- Saved entries -
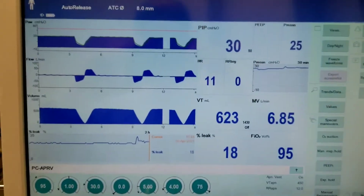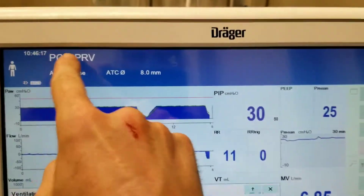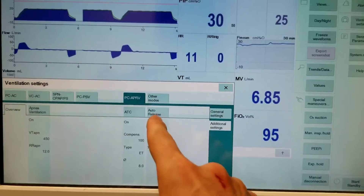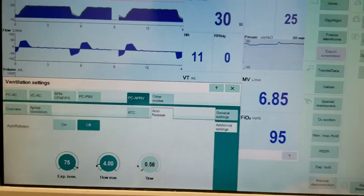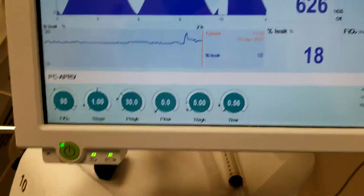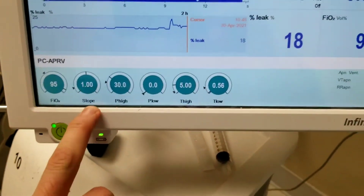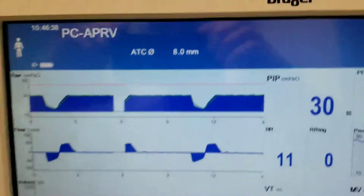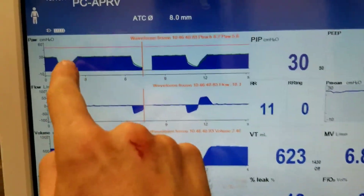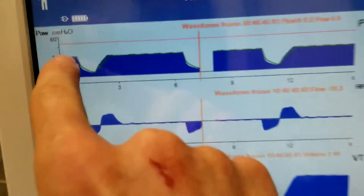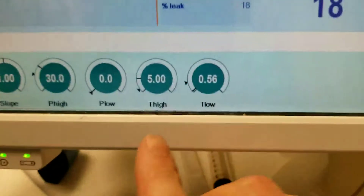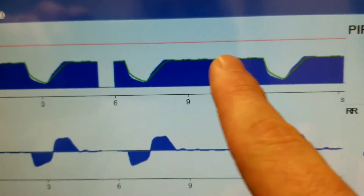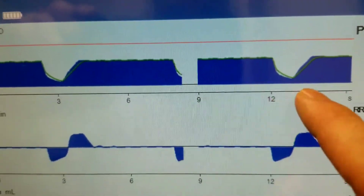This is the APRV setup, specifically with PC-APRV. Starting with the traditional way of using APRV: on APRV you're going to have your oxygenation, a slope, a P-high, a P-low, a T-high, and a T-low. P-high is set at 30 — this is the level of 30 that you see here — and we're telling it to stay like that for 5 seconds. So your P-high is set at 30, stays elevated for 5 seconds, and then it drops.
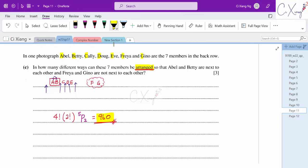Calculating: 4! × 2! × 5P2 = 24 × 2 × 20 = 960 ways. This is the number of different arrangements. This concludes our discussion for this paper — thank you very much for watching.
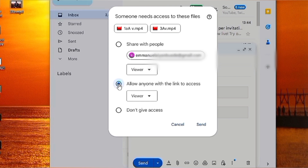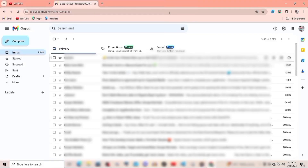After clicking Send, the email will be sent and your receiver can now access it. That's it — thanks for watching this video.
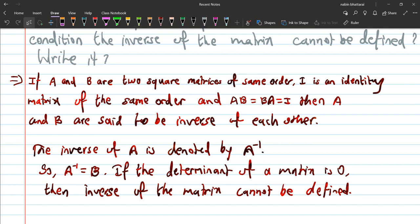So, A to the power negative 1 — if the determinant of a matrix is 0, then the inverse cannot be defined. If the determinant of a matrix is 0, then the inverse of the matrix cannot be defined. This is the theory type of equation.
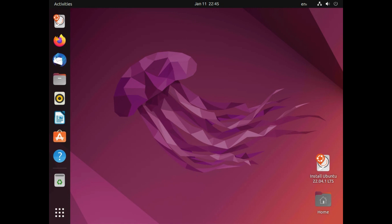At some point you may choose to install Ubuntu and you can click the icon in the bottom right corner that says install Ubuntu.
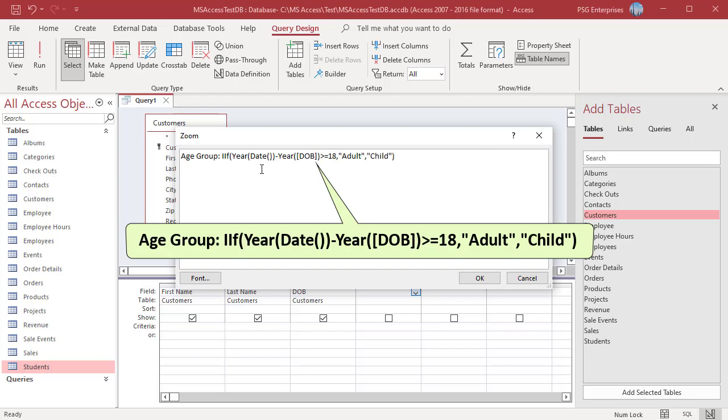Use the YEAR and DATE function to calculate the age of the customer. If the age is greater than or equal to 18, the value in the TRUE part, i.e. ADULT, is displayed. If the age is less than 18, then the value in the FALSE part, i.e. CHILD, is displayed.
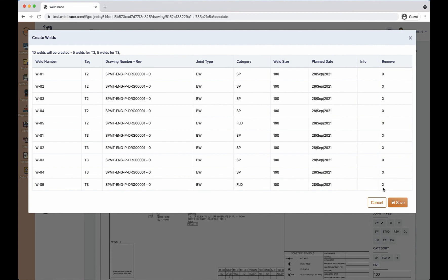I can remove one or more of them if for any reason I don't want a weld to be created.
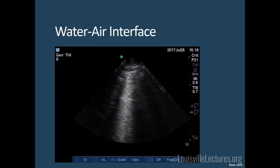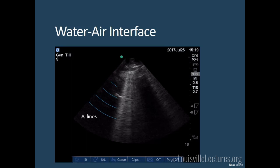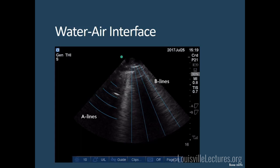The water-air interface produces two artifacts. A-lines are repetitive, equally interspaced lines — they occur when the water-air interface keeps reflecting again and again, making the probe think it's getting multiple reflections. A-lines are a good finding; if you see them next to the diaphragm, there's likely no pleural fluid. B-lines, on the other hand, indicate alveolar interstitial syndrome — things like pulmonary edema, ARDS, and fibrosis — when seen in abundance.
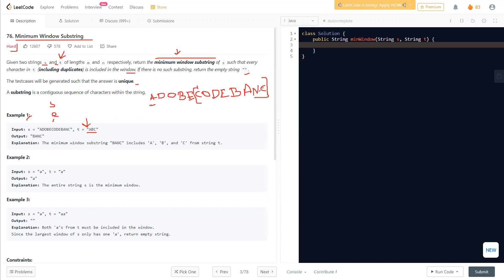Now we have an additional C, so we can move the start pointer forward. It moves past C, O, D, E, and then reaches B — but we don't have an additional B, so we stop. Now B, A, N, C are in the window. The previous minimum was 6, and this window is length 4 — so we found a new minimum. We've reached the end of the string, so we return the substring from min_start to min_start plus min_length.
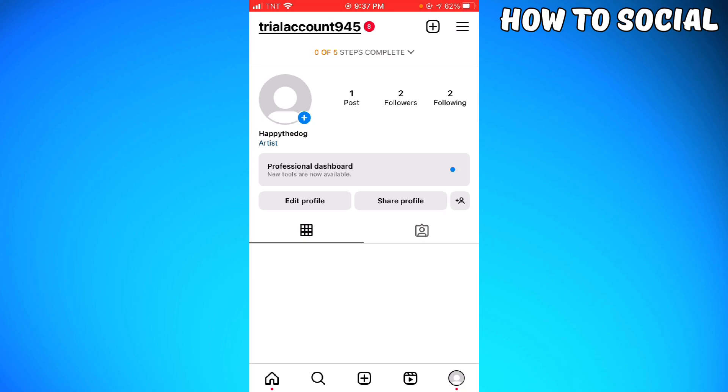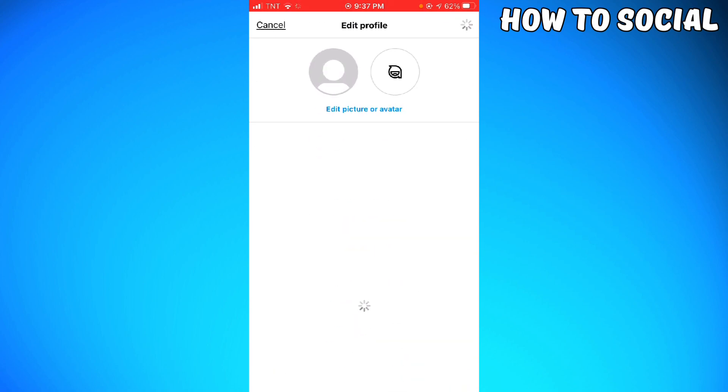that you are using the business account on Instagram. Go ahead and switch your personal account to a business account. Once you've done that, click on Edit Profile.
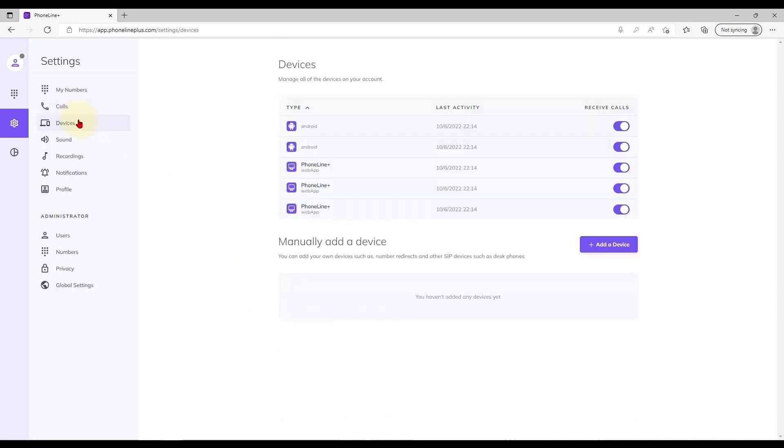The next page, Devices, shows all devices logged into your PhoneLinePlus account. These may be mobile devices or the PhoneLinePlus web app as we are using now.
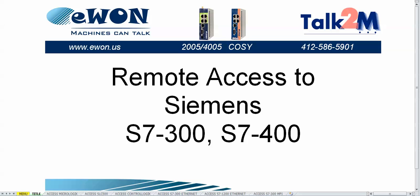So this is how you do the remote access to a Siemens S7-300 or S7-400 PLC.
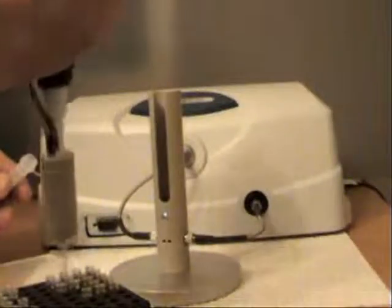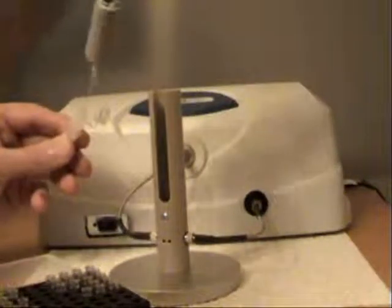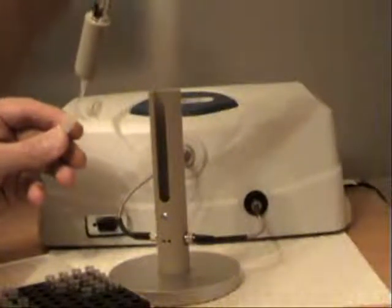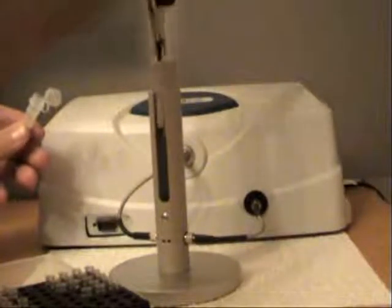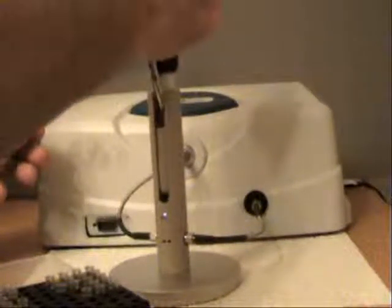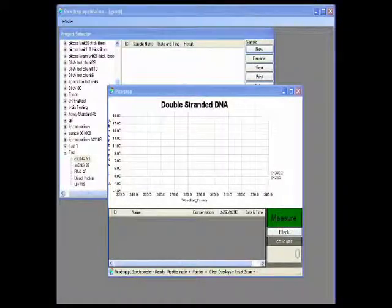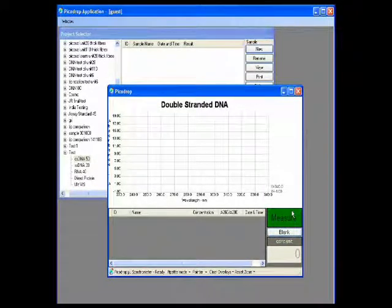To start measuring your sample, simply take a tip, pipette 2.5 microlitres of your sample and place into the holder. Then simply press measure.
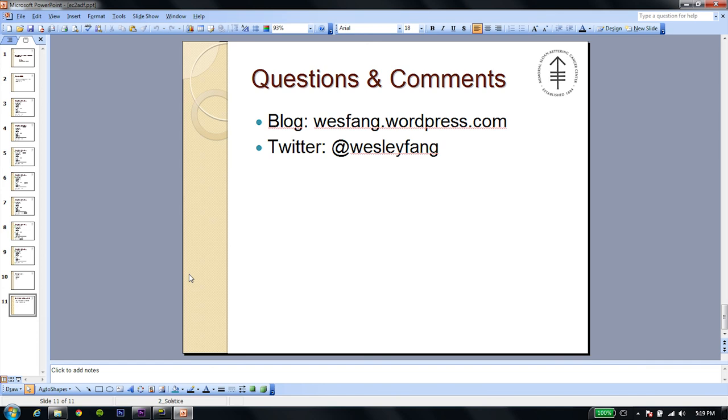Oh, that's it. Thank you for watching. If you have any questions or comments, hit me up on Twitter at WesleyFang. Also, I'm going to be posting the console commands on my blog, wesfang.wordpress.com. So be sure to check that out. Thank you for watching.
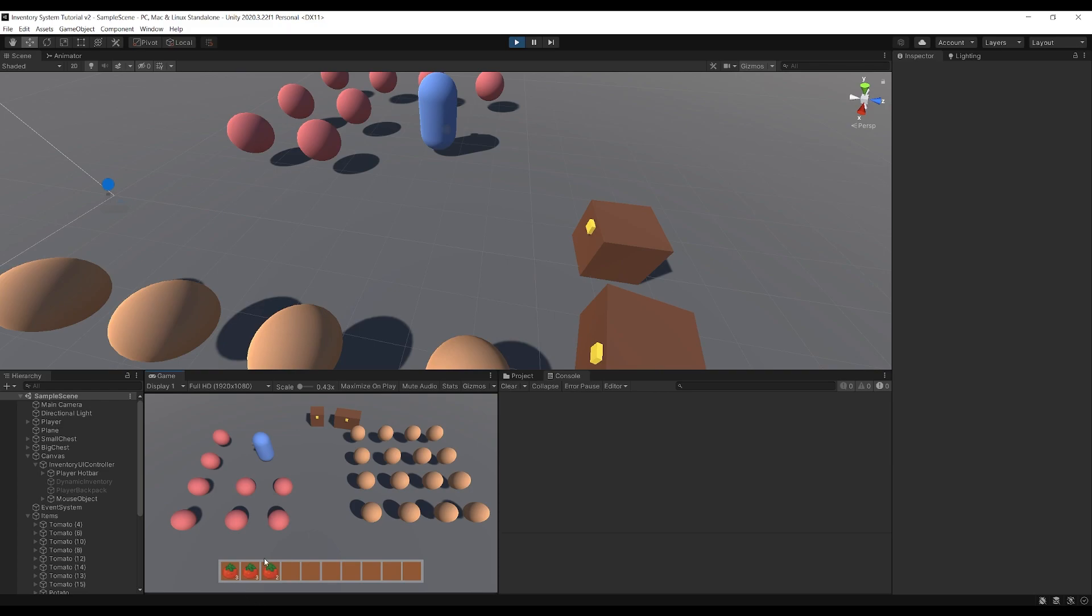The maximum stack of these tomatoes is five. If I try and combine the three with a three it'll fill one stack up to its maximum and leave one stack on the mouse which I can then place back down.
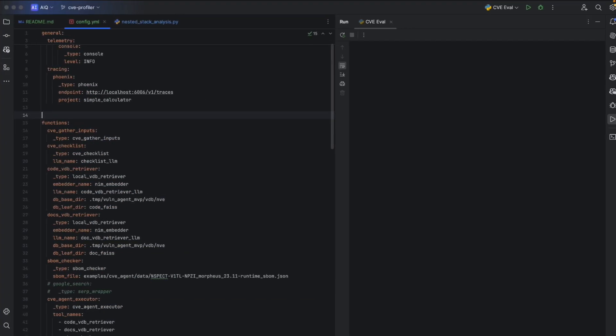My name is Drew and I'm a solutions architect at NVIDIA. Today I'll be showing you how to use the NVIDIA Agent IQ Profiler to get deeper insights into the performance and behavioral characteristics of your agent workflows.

- TASK REQUIREMENTS -
Without any pictures, please write out the lines from the one containing "I can remove" through the final line of the data, exactly and inclusive of both ends.

- RESULT BELOW -
I can remove one or more of them if for any reason I don't want a weld to be created.
The water-air interface produces two artifacts. A-lines are repetitive, equally interspaced lines — they occur when the water-air interface keeps reflecting again and again, making the probe think it's getting multiple reflections. A-lines are a good finding; if you see them next to the diaphragm, there's likely no pleural fluid. B-lines, on the other hand, indicate alveolar interstitial syndrome — things like pulmonary edema, ARDS, and fibrosis — when seen in abundance.
Now we have an additional C, so we can move the start pointer forward. It moves past C, O, D, E, and then reaches B — but we don't have an additional B, so we stop. Now B, A, N, C are in the window. The previous minimum was 6, and this window is length 4 — so we found a new minimum. We've reached the end of the string, so we return the substring from min_start to min_start plus min_length.
that you are using the business account on Instagram. Go ahead and switch your personal account to a business account. Once you've done that, click on Edit Profile.
The next page, Devices, shows all devices logged into your PhoneLinePlus account. These may be mobile devices or the PhoneLinePlus web app as we are using now.
So this is how you do the remote access to a Siemens S7-300 or S7-400 PLC.
To start measuring your sample, simply take a tip, pipette 2.5 microlitres of your sample and place into the holder. Then simply press measure.
Oh, that's it. Thank you for watching. If you have any questions or comments, hit me up on Twitter at WesleyFang. Also, I'm going to be posting the console commands on my blog, wesfang.wordpress.com. So be sure to check that out. Thank you for watching.
The maximum stack of these tomatoes is five. If I try and combine the three with a three it'll fill one stack up to its maximum and leave one stack on the mouse which I can then place back down.
My name is Drew and I'm a solutions architect at NVIDIA. Today I'll be showing you how to use the NVIDIA Agent IQ Profiler to get deeper insights into the performance and behavioral characteristics of your agent workflows.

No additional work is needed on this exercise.